We have gone to the record to ascertain the facts. It appears that on June 30,1959 the trial judge entered the following order:

“This cause having come on to be heard on the motion of the plaintiffs for a new trial, and the plaintiffs having filed a brief herein, which has been filed with the Clerk of the Court; and it further appearing to the Court that Attorney Geoffrey Fleming, attorney for the plaintiffs, AIMEE SCHWARTZENBERG and HARRY J. SCHWARTZENBERG, as Executor of the Estate of HARRY F. SCHWARTZENBERG, Deceased, has died since the filing of this case and prior to the hearing of the motion; and it further appearing to the Court that there is no stenographic transcript concerning arguments relating to objections to instructions; and it further appearing to the Court that due and proper objection was made by Attorney Geoffrey Fleming on the behalf of said plaintiffs to each and every instruction tendered and given on behalf of the defendant; and the court being advised in the premises;
“IT IS ORDERED that the motion for a new trial is denied.”

It thus appears that although no stenographic transcript concerning arguments relating to objections appears of record, the court certified in its order that “due and proper objection was made by Attorney Geoffrey Fleming on the behalf of said plaintiffs to each and every instruction tendered and given on behalf of the defendant.” In the circumstances, we hold that plaintiffs are free, and within their rights on appeal, to challenge the validity of the instructions criticized in detail in their briefs.
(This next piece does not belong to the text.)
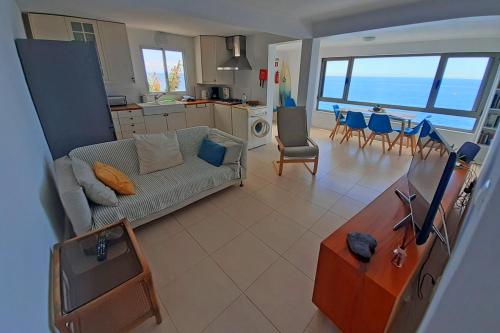 ein Wohnzimmer mit einer Couch und einem Tisch mit Stühlen in der Unterkunft Yellow House in Jardim do Mar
Defendant makes no attempt to reply.

In defendant’s Instruction 13, the jury were told that before plaintiffs could recover they must prove the following propositions :

“First: That the plaintiff and the deceased were exercising ordinary care for their own safety and that of their property at and just prior to the time of the accident in question;
“Second: That the defendants were guilty of negligence as defined in these instructions; and
“Third: That such negligence was the proximate, direct cause of the damages and injuries complained of by the plaintiffs.”

This being a peremptory instruction, it had to contain all the elements necessary to sustain a verdict and

cannot be cured by any other instructions. Ratner v. Chicago City R. Co., 233 Ill. 169, 84 N. E. 201; Illinois Iron & Metal Co. v. Weber, 196 Ill. 526, 63 N. E. 1008. Not only is the instruction incomplete but it is erroneous in that it instructed the jury that before any plaintiff could recover it was necessary to prove that both Aimee Schwartzenberg and the deceased were exercising ordinary care. This is not the law; the negligence, if any, of the driver is not imputed to a passenger. The passenger, to maintain his suit, is obligated to have exercised only such care as the circumstances required. Greene v. Citro, 298 Ill. App. 25, 18 N.E.2d 237; Hagen v. Bailus, 283 Ill. App. 249. Under the authorities, Aimee Schwartzenberg had no duty, on her own behalf, to prove that the deceased was exercising ordinary care, and the instruction thus cast an unwarranted burden upon her.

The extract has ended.